XAI Program Development

In May, 2017, XAI development began. Eleven research teams were selected to develop the Explainable Learners (TA1) and one team was selected to develop the Psychological Models of Explanation. Evaluation was provided by the Naval Research Lab. The following summarizes those developments and the final state of this work at the end of the program. An interim summary of the XAI developments at the end of 2018 is given in Gunning and Aha, 2019.

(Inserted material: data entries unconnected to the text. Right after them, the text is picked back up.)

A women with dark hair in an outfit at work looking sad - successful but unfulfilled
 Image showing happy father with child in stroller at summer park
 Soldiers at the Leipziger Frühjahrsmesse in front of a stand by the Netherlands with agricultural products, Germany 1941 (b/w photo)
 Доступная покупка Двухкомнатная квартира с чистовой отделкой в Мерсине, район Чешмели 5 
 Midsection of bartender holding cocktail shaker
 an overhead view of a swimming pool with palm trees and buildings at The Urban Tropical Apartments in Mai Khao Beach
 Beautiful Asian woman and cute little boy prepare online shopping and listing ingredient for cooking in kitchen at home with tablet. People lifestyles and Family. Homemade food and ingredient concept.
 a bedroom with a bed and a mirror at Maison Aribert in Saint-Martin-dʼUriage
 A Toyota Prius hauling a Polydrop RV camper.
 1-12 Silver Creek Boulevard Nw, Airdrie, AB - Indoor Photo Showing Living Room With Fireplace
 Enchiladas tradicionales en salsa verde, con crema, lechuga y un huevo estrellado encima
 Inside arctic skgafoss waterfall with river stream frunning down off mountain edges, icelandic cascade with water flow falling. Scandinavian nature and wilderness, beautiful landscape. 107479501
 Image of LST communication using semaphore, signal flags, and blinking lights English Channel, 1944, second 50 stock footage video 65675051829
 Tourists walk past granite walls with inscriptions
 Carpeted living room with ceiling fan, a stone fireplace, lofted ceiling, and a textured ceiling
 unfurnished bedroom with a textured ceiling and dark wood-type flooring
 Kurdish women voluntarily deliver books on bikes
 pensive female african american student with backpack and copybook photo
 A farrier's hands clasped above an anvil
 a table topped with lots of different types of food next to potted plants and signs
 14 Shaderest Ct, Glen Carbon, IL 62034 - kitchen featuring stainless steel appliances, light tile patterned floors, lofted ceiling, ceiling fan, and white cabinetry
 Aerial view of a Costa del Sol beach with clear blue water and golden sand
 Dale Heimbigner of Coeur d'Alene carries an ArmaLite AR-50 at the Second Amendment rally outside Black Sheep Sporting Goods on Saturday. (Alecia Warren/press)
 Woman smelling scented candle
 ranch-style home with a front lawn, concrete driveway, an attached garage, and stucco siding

XAI Explainable Learner Approaches

The program anticipated that researchers would examine the training process, model representations, and, importantly, explanation interfaces. Three general approaches were envisioned for model representations. Interpretable model approaches would seek to develop ML models that were inherently more explainable and more introspectable for machine learning experts. Deep explanation approaches would leverage deep learning or hybrid deep learning approaches to produce explanations in addition to predictions. Finally, model induction techniques would create approximate explainable models from more opaque, black-box models. Explanation interfaces were expected to be a critical element of XAI, connecting a user to the model to enable them to understand and interact with the decision making process.
As the research progressed, eleven XAI teams explored a number of machine learning approaches, such as tractable probabilistic models (Roy et al. 2021) and causal models (Druce et al. 2021) and explanation techniques such as state machines generated by reinforcement learning algorithms (Koul et al. 2019, Danesh et al. 2021), Bayesian teaching (Yang et al. 2021), visual saliency maps (Petsiuk 2021, Li et al. 2021, Ray et al. 2021, Alipour et al. 2021, Vasu et al. 2021), and network and GAN dissection (Ferguson et al. 2021). Perhaps the most challenging and most unique contributions came from the combination of machine learning and explanation techniques to conduct well-designed psychological experiments to evaluate explanation effectiveness.
As the program progressed, we also gained a more refined understanding of the spectrum of users and development timeline (Figure 3).